An invitation to think on the edges, surfaces, and turns of the literary artifact when it crosses cultural boundaries.
Presented by Rosario Hubert, Associate Professor of Spanish and Portuguese at Trinity College
In Discussion with Koichi Hagimoto, Professor of Spanish and Chair of the Department of Spanish and Portuguese at Wellesley College
When: February 10th @ 5:15PM
Where: Building 14, 14E-304 (
map)
ABSTRACT: In the absence of specialized programs of study, intellectual discussions of China in Latin America took shape in contingent critical infrastructures built at the crossroads of the literary market, cultural diplomacy, and commerce.
In Disoriented Disciplines: China, Latin America, and the Shape of World Literature Rosario Hubert decenters the authority of the text by connecting seemingly untranslatable cultural traditions.
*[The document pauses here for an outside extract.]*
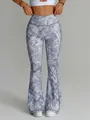 Damen Yoga-Schlaghose mit hoher Taille und abstraktem hellblauem Marmordruck am Model - S / Unterteile / Astmuster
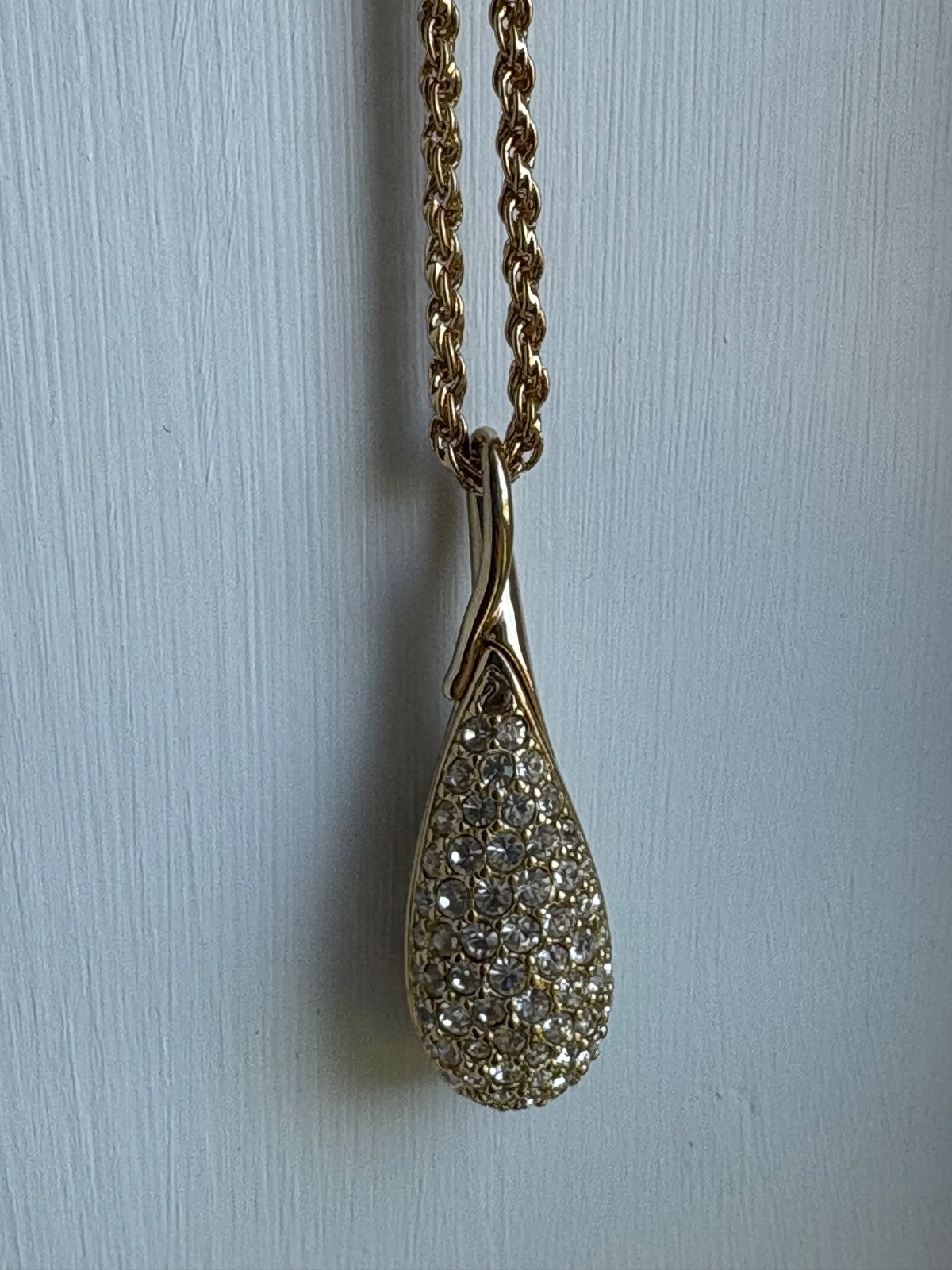 Vintage SWAROVSKI Swan Signed Pavé Crystal Teardrop Pendant Necklace Gold Plated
In this book, chinoiserie, “coolie” testimonies, Maoist prints, visual poetry, and Cold War memoirs compose a massive archive of primary sources that cannot be read or deciphered with the conventional tools of literary criticism. As Hubert demonstrates, even canonical authors, including Jorge Luis Borges, Octavio Paz, and Haroldo de Campos, write about China from the edges of philology, mediating the concrete as well as the sensorial.
Advocating for indiscipline as a method, Disoriented Disciplines challenges us to interrogate the traditional contours of the archives and approaches of comparative literary studies. In dialogue with the rise of China globally and the opening of the humanities beyond the university, this book poses a crucial question for the present: what does it mean to be a specialist in a foreign culture?
BIO: Rosario Hubert is Associate Professor of Spanish and Portuguese at Trinity College, where she works on the crossover of world literature, geography, and the visual arts. Her book Disoriented Disciplines. China, Latin America, and the Shape of World Literature (2023, Northwestern University Press, FlashPoints Series) was recipient of the ACLA Helen Tartar First book subvention award and was funded by fellowships from the National Endowment for the Humanities and the American Council of Learned Societies. She is currently working on new project about poetics of the inhospitable and polar modernity.